The new OS is based on Debian 12 “Bookworm” (previously Debian 11 “Bullseye”). The IP addresses - especially the Docker addresses - now look completely different and a little tidier.:
# ip addr show
1: lo: <LOOPBACK,UP,LOWER_UP> mtu 65536 qdisc noqueue state UNKNOWN group default qlen 1000
link/loopback 00:00:00:00:00:00 brd 00:00:00:00:00:00
inet 127.0.0.1/8 scope host lo
valid_lft forever preferred_lft forever
inet6 ::1/128 scope host noprefixroute
valid_lft forever preferred_lft forever
2: eth0: <BROADCAST,MULTICAST,UP,LOWER_UP> mtu 1500 qdisc mq state UP group default qlen 1000
link/ether dc:a6:32:6a:02:80 brd ff:ff:ff:ff:ff:ff
inet 192.168.0.15/24 brd 192.168.0.255 scope global dynamic noprefixroute eth0
valid_lft 793330sec preferred_lft 793330sec
inet6 2a02:8070:2485:9060:e94e:3dd9:f9f5:aad4/64 scope global dynamic noprefixroute
valid_lft 7032sec preferred_lft 3432sec
inet6 fe80::9335:9547:fd8:4383/64 scope link noprefixroute
valid_lft forever preferred_lft forever
3: br-f73d33489fa9: <BROADCAST,MULTICAST,UP,LOWER_UP> mtu 1500 qdisc noqueue state UP group default
link/ether 02:42:01:6d:c0:45 brd ff:ff:ff:ff:ff:ff
inet 172.19.0.1/16 brd 172.19.255.255 scope global br-f73d33489fa9
valid_lft forever preferred_lft forever
inet6 fe80::42:1ff:fe6d:c045/64 scope link
valid_lft forever preferred_lft forever
4: br-2b0179c146c4: <NO-CARRIER,BROADCAST,MULTICAST,UP> mtu 1500 qdisc noqueue state DOWN group default
link/ether 02:42:9a:8e:97:8f brd ff:ff:ff:ff:ff:ff
inet 172.18.0.1/16 brd 172.18.255.255 scope global br-2b0179c146c4
valid_lft forever preferred_lft forever
5: docker0: <BROADCAST,MULTICAST,UP,LOWER_UP> mtu 1500 qdisc noqueue state UP group default
link/ether 02:42:51:d3:61:55 brd ff:ff:ff:ff:ff:ff
inet 172.17.0.1/16 brd 172.17.255.255 scope global docker0
valid_lft forever preferred_lft forever
inet6 fe80::42:51ff:fed3:6155/64 scope link
valid_lft forever preferred_lft forever
7: veth143e8cd@if6: <BROADCAST,MULTICAST,UP,LOWER_UP> mtu 1500 qdisc noqueue master docker0 state UP group default
link/ether 3a:58:1f:98:10:be brd ff:ff:ff:ff:ff:ff link-netnsid 0
inet6 fe80::3858:1fff:fe98:10be/64 scope link
valid_lft forever preferred_lft forever
17: veth0b705f4@if16: <BROADCAST,MULTICAST,UP,LOWER_UP> mtu 1500 qdisc noqueue master br-f73d33489fa9 state UP group default
link/ether 32:0b:0e:bc:ab:10 brd ff:ff:ff:ff:ff:ff link-netnsid 1
inet6 fe80::300b:eff:febc:ab10/64 scope link
valid_lft forever preferred_lft forever
19: veth397644d@if18: <BROADCAST,MULTICAST,UP,LOWER_UP> mtu 1500 qdisc noqueue master br-f73d33489fa9 state UP group default
link/ether 42:32:77:70:87:f9 brd ff:ff:ff:ff:ff:ff link-netnsid 2
inet6 fe80::4032:77ff:fe70:87f9/64 scope link
valid_lft forever preferred_lft forever
Most likely your setup is not properly processing IPv6 ND RIO. The Running Matter Server in Docker docs have OS requirements linked, which has some details about what is required to communicate with Thread devices from an IPv6 level.

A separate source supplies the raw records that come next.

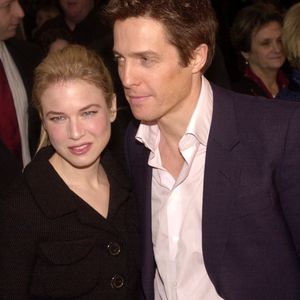 Hugh Grant fand Renée Zellweger als Bridget Jones unpassend!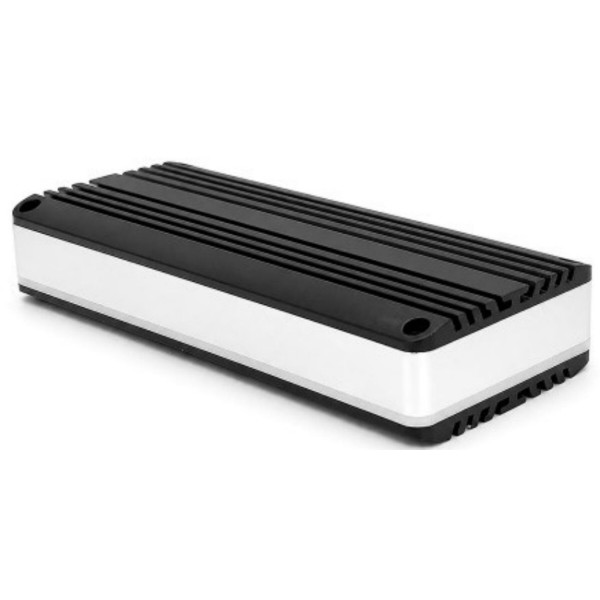 Фото - Зовнішня кишеня Voltronic NVME Type-C, Silver (YT-USB3.2M.2 ZZUC)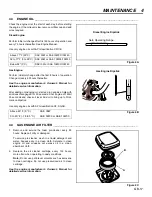 Предварительный просмотр 17 страницы Jacobsen Greens King IV Plus Parts & Maintenance Manual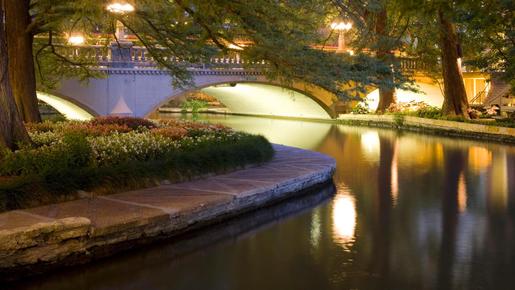 The Westin Riverwalk, San Antonio - San Antonio - Outdoors view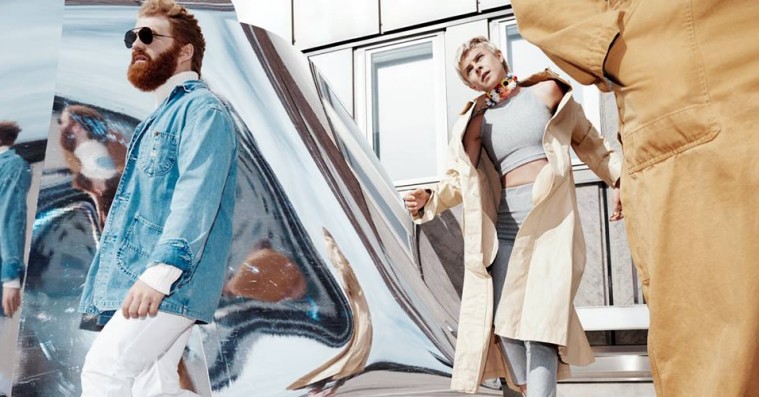 Robyn & La Bagatelle Magique går uforfærdet i kødet på klubscenens klichéer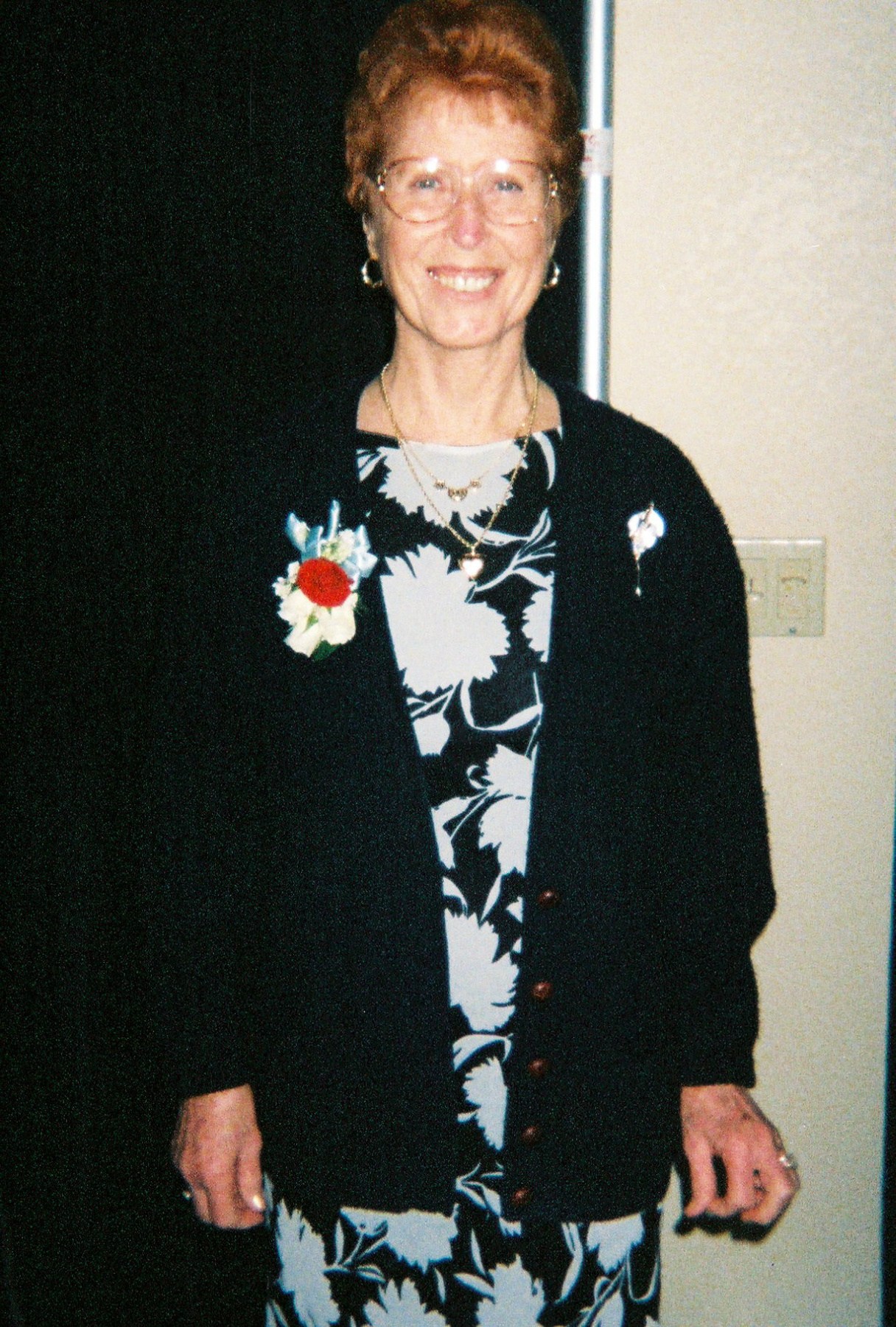 Obituary of Jessica Lorraine Hostetter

Otherwise, Home Assistant OS should be an excellent option (disclaimer: I am one of the OS devs 
).
Edit: Ah sorry, I see it works now. Yeah most likely you are using NetworkManager now which does things correctly these days.
Thanks for the tip, I was going crazy (I had IPV6 disabled)
Did you do anything differently when you set the RPi up a second time? I’m not using the same hardware (I’m running Proxmox on a minipc) but I am having what look like very similar issues running HA in docker.